Wren is among the older children in the class which makes a distinct difference to all my previous preschool experience in which Frost was among the youngest. Now I can be superior and enjoy singing and clapping along while the younger delinquents yell, run amok and body slam into each other in the circle center. Wren copied all the hang gestures and even tried words on some songs like Twinkle Twinkle. He talked nicely to the other grownups when they asked him questions and was generally a perfect little chap.
The Issue of Praise and Control
The whole idea of a successful child being one that does not cause trouble for adults brings to mind a book I am reading by Alfie Cohn. Its called Unconditional Parenting and has as its premise that our parenting should not rely on so-called soft control techniques like praise, time-out and reward, withholding affection in response to undesired behavior and other popular strategies to modify behaviour. His focus on is motivation and the whole child. Now, I haven't reached the chapter on alternative "unconditional" strategies to socialize our kids but my inept attempts to not rely on reward and conditions have failed.
The Battles over Allowance
A while ago we tried tying Frost's allowance to the performance of chores. This worked very well for a while and he industriously performed his chores (with complaint). I recall him calling out that it was "torture" while I was explaining our strategy to a friend. After a while he said that he would rather not do chores and not receive allowance as he had enough money and didn't like them.
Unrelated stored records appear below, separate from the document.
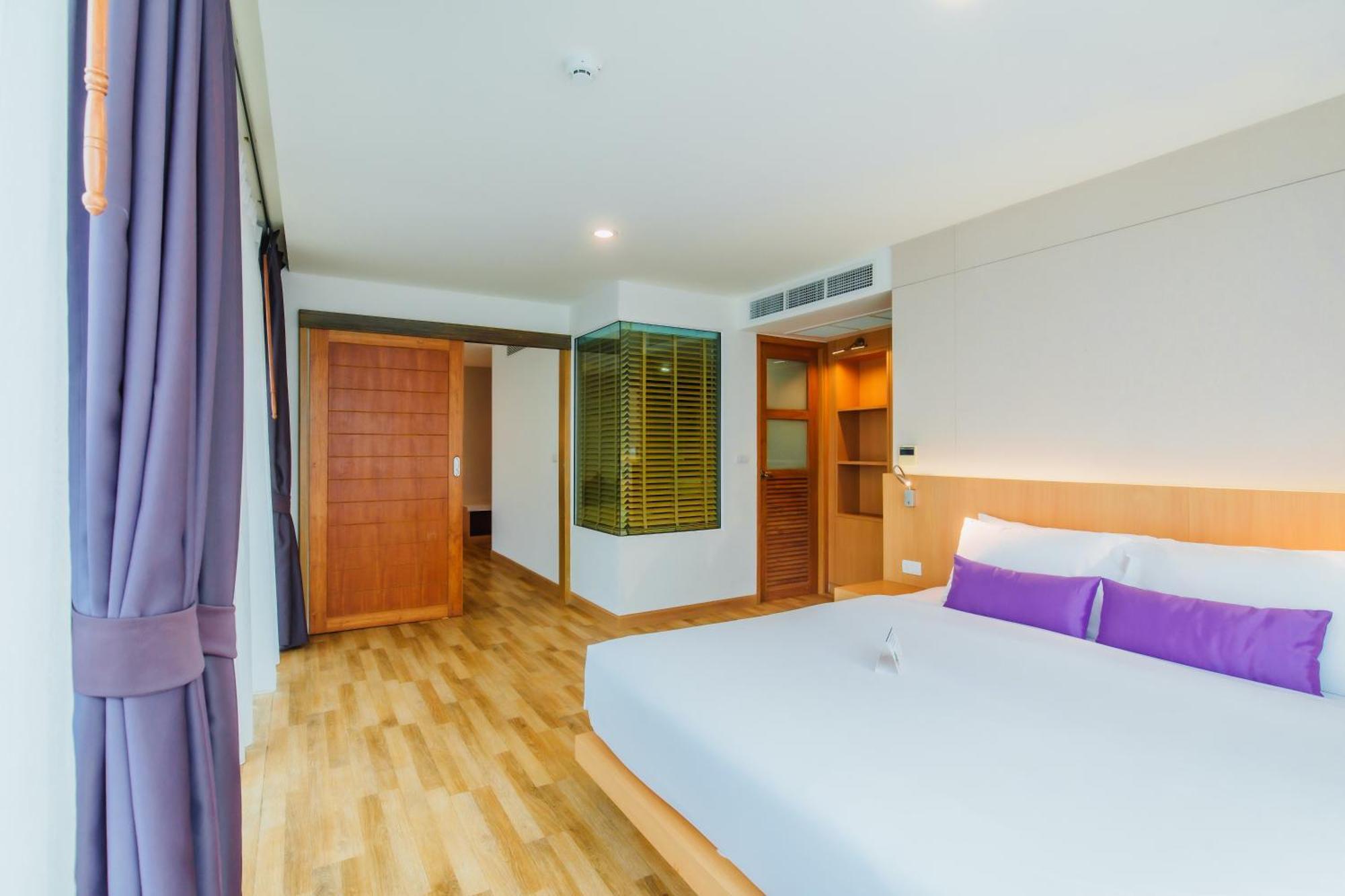 The Lunar Patong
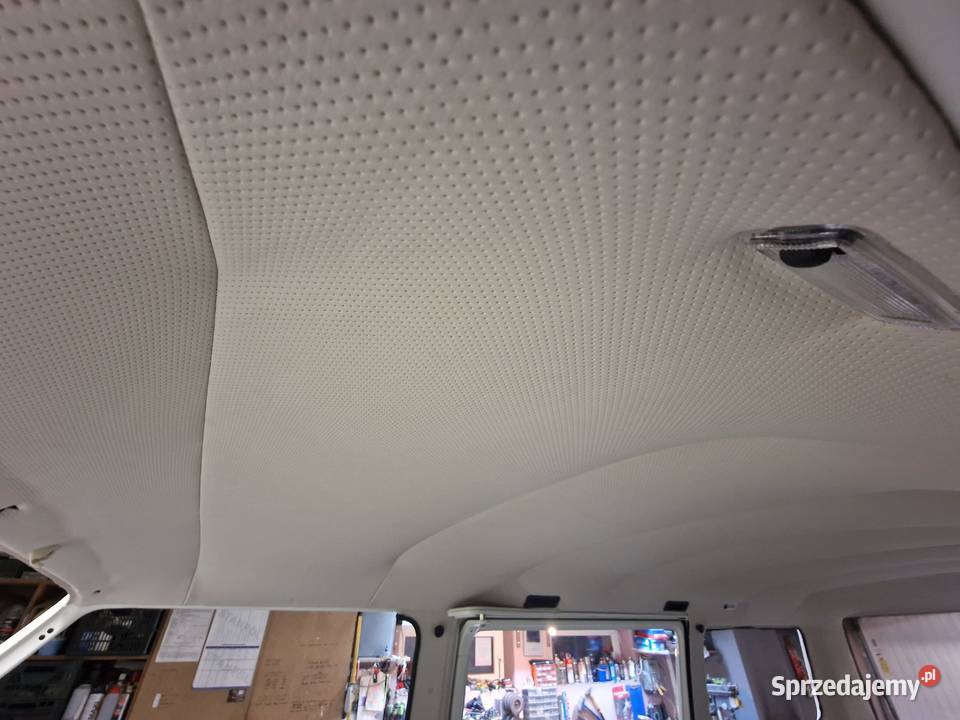 Podsufitka tapicerka VW T3 nowa podsufitki Wyposażenie wnętrza Płock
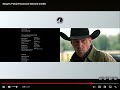Kung Fu Panda Paramount Network Credits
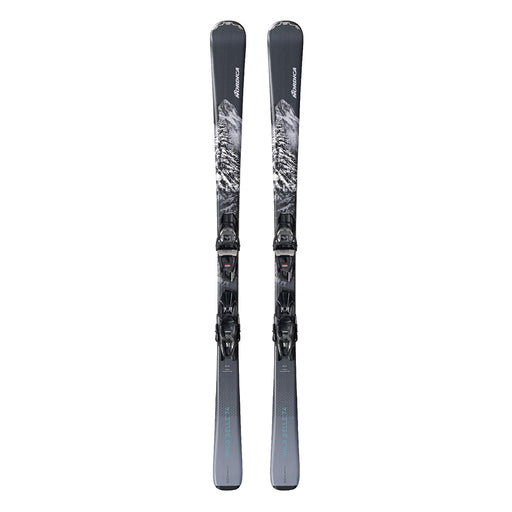 Nordica Wild Belle 74 Women's Skis w/ Marker TP2 10 GW Bindings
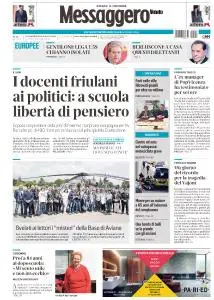 Il Messaggero Veneto Pordenone - 24 Maggio 2019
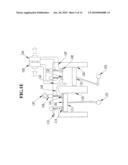 Two-stage-coordination type eight-stroke engine diagram and image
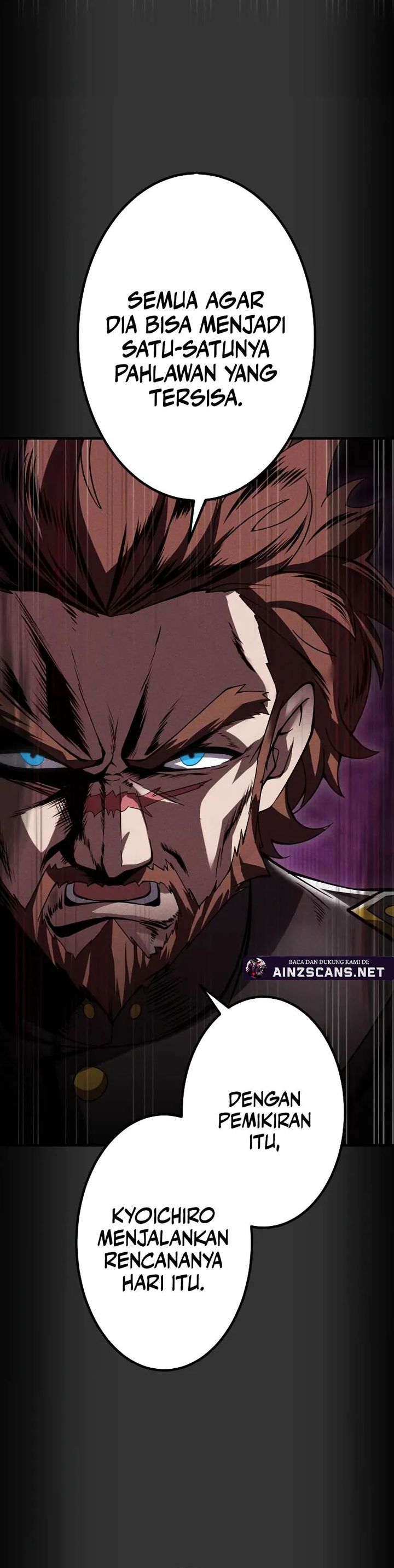 The Hero Starts Over at the Academy Chapter 24 Bahasa Indonesia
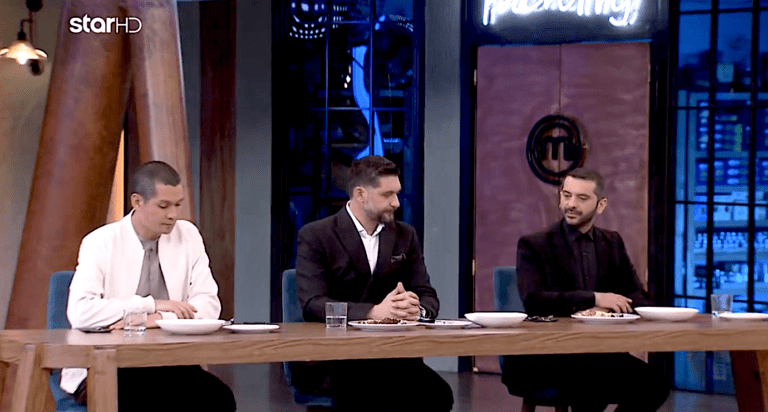 Χαμός στο MasterChef: Μεγάλος καβγάς Κουτσόπουλου με Κοντιζά – Ιωαννίδη πίσω από τις κάμερες (Pics)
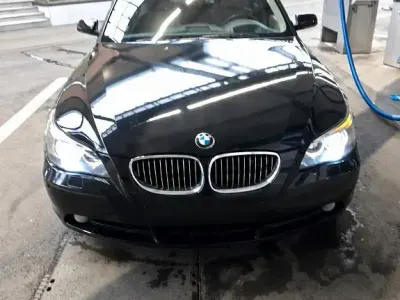 Gebraucht BMW 523 177 PS (130 kW) 2006 Beige Limousine
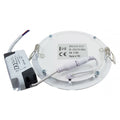 Spot Led Slim Ã˜170, 12W=75W, 2700K, lumina calda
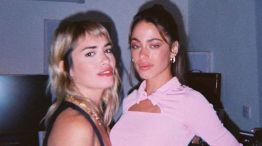 Lali Espósito y Tini Stoessel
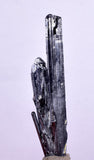 5.5cms STIBNITE CRYSTAL PERU MINERAL SPECIMEN COLLECTOR MB95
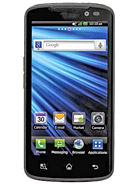 Android telefon LG Optimus True HD LTE P936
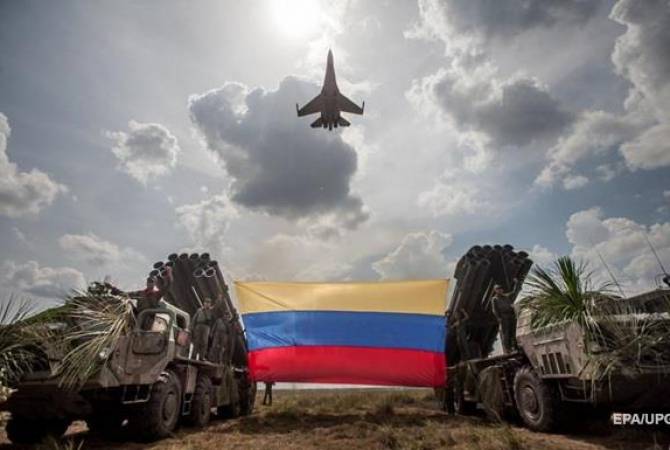 Վենեսուելայում Սու-30 ինքնաթիռ Է կործանվել, զոհվել են երկու օդաչուները 
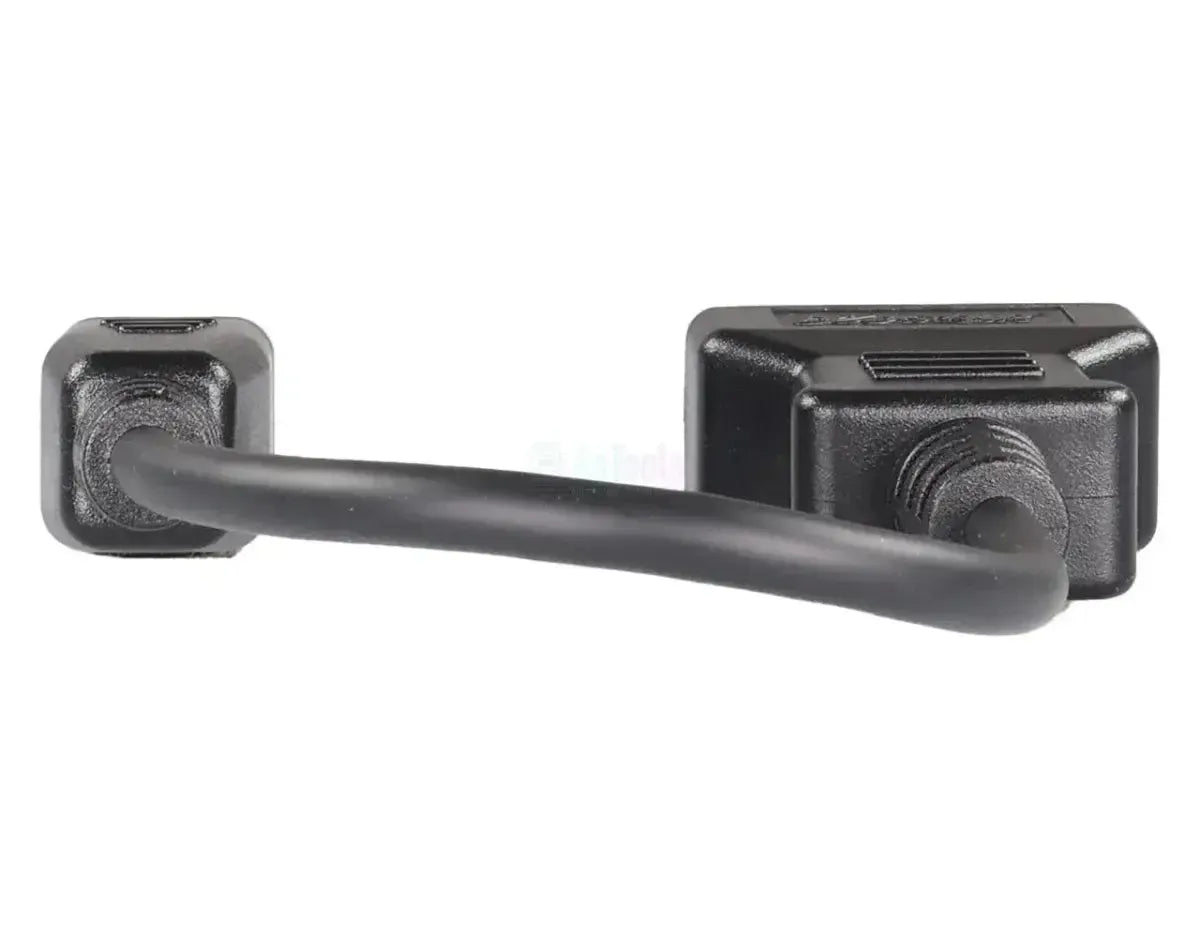 OBDSTAR (M009) | Kawasaki 4 broches OBD – 16 broches OBD2 Câble adaptateur | Moto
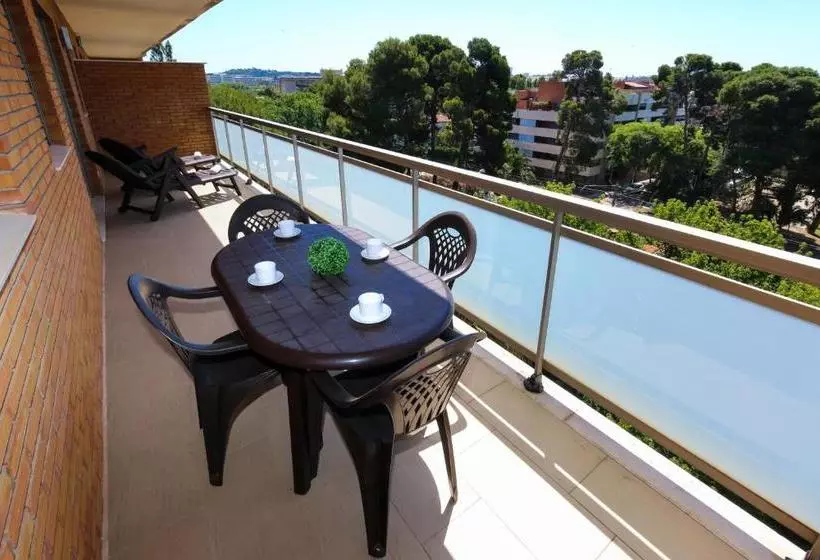 Apartamentos Salou Center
I explained that chores were also about being part of the family and helping out so he conceded to doing chores "when I asked" and to doing recycling regularly. Allowance was not reinstated.
Last night he asked what he would have to do to receive allowance again.
Joshua and I had a "meeting" with Frost who suggested he receive allowance incrementally based on how good he was at doing chores. I said that I wanted chores to be out of a sense of collaborative responsibility to his family. Joshua thought this was funny and said that people don't do things without a motivation. Least not things they don't WANT to do. Frost agreed. He said he wanted to be GRADED on his chores. I tried to explain that I didn't want to judge him doing chores. I wanted help and hopefully he would know if he was doing a good job. I would like to hear how he felt about it. Frost said this was a burden, that he might know how well he was doing for a day but then he'd forget, especially his attitude. He said that he may forget not to complain and nag about chores so it was better that I give him a score each week. Josh said that the incremental allowance and the scores were like levels in a game, with rewards and might work well for Frost. I was appalled. I said I had just read how bad extrinsic rewards were as a motivation for behavior, that people need to figure out their own motivation. Both of them looked at me blankly. Joshua added that the only reason he did chores was because I bitched about it if he didn't because I like a clean organized house but neither he nor Frost really have the same standard.
I am confused. I shall have to try harder after Chapter 7.
Status quo is that Frost is going to keep his room clean, do recycling and do chores on request. We are going to have a performance review every weekend to evolve our understanding of performance (and reward). Allowance is reinstated as an independent (variable??) factor NOT A REWARD.
Stumbling into the Day
If illness is an allegory then I am truly stumbling in the dark (in my job search / parenting / diet / meditative practice). This morning I woke to Wren's 6am crying, got up and promptly fell over. In my pre-dawn haze I thought I must have tripped over last nights discarded clothes or the piles of bedding that have been displaced by the recent fall-heatwave. I stood up and fell over again. The third time I landed on Joshua. When I made it out the door the corridor was leaning at an odd angle, like walking in the galley of a ship listing in a storm. I was also beset with seasickness.
According to my doctor (who I saw for a TB test required for preschool) I have fluid in my inner ear, should try benadryl or another antihistamine if it persists. It has improved.